Check out The Art Newspaper's guide to London Gallery Weekend 2022 for recommendations on the best exhibitions to see during the three-day event, top trends and commentary
A wide swathe of commercial galleries opening from Battersea to Bermondsey and down into Peckham and Deptford mean that the capital’s former no-go underbelly has become a major contemporary art hub, albeit one spread over a large area. South London spaces come in all forms—from gritty and industrial through to the intimate and domestic.

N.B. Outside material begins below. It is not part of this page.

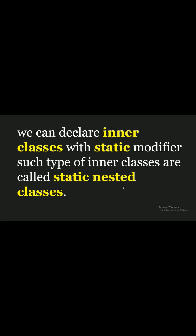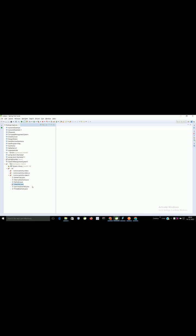So the class inside the class and we declared class as static, then it is called as static nested class or static inner class.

Until 4 June, The Sunday Painter, 117-119 South Lambeth Road, South Lambeth, SW8 1XA
Baltimore-based artist Cynthia Daignault makes serial ‘image streams’ of works sourced digitally but painted in oil on paper and organised around big topics such as whiteness, suburbia, war or the environmental crisis. These paintings are hung salon-style, with the multiple images on each gallery wall representing one work. They will be able to be viewed after the exhibition in a series of manuscript boxes where they can be flipped through like the pages of a book. The show’s title refers to ideas of utopia but also to the way idealism can both drive us and tear us apart.
Ada M. Patterson: to be rewritten on banana leaves
12 May-25 June, Copperfield, 6 Copperfield Street, Southwark, SE1 0EP
Ada Patterson works between Barbados, London and Rotterdam and for her first UK solo show is debuting The Whole World is Turning. This video piece was made in 2019 in the devastating wake of Hurricane Dorian and is a queer and personal retelling of the hurricanes which have always played a key part in the social fabric of life and death within the Caribbean. This is accompanied by Patterson’s Kanga for the Present, textile works which were also partly inspired by Dorian, and another allegorical film centred around an aloe farmer and the lessons to be learnt from dwindling water supplies in a fast-changing world.

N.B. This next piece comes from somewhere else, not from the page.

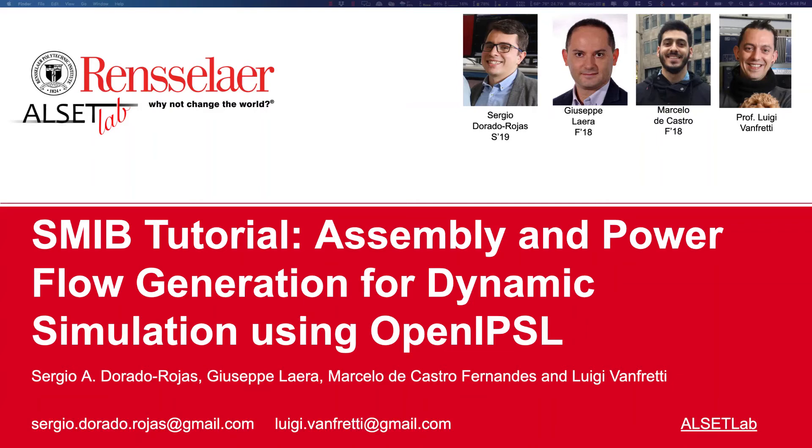Hi everyone, welcome to this tutorial called Assembly and Power Flow Generation for Dynamic Simulation using OpenIPSL, the Open Instance Power System Library.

Until 11 June, Castor, Enclave 1, 50 Resolution Way, Deptford, SE8 4AL
New wall-based and free-standing works combine to create an installation of distinct geographies both accentuated and partitioned by suspended veils. These map a mysterious physical and psychological underworld of both earth and body, referring to the present restless state of the earth which, due to shifts in climate and ecologies, throws up long-buried artefacts from a distant past.

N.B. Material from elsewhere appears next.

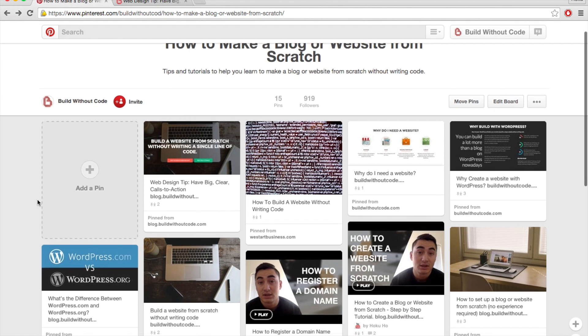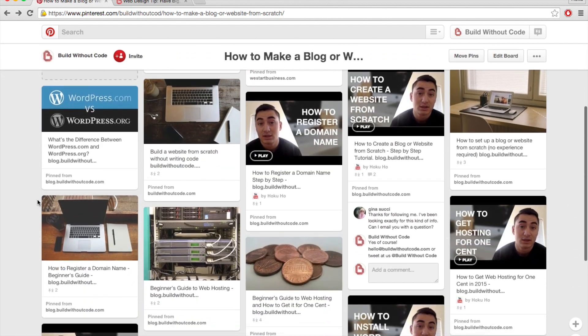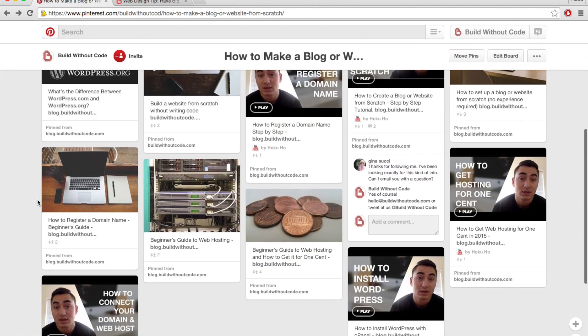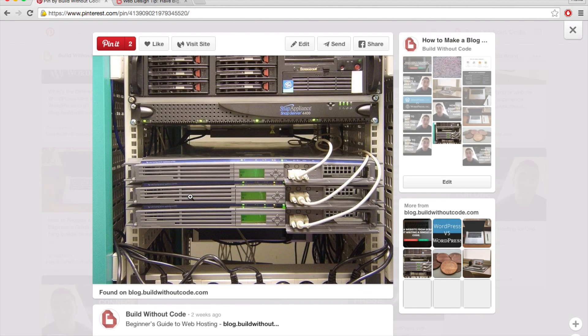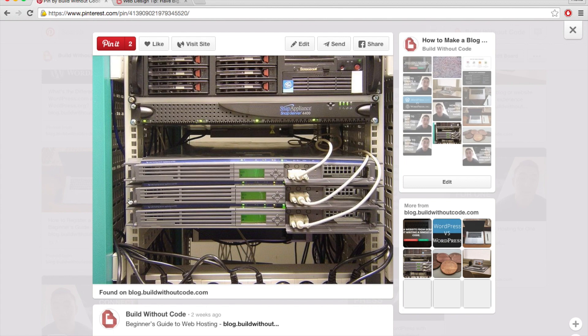And these computers that are used to store web content are called servers. This is a picture of a typical server rack.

14 May-18 June, Sid Motion Gallery, Penarth Centre, 24a Hatcham Rd, South Bermondsey, SE15 1TR
Brian Griffiths and Frank Kent first met at the Royal Academy Schools where they both studied painting. Now the duo are collaborating on AIRSIGNS, an ongoing series of collaborative works which they describe as “sculptural works that are presented as photographs”. These are created using materials gleaned from the artists’ studios and daily lives which they then display and photograph framed within rudimentary cube shapes. Last year they made a special series of AIRSIGNS for Van Gogh’s former house in South London and now at Sid Motion we see them continuing their genre-blurring investigations.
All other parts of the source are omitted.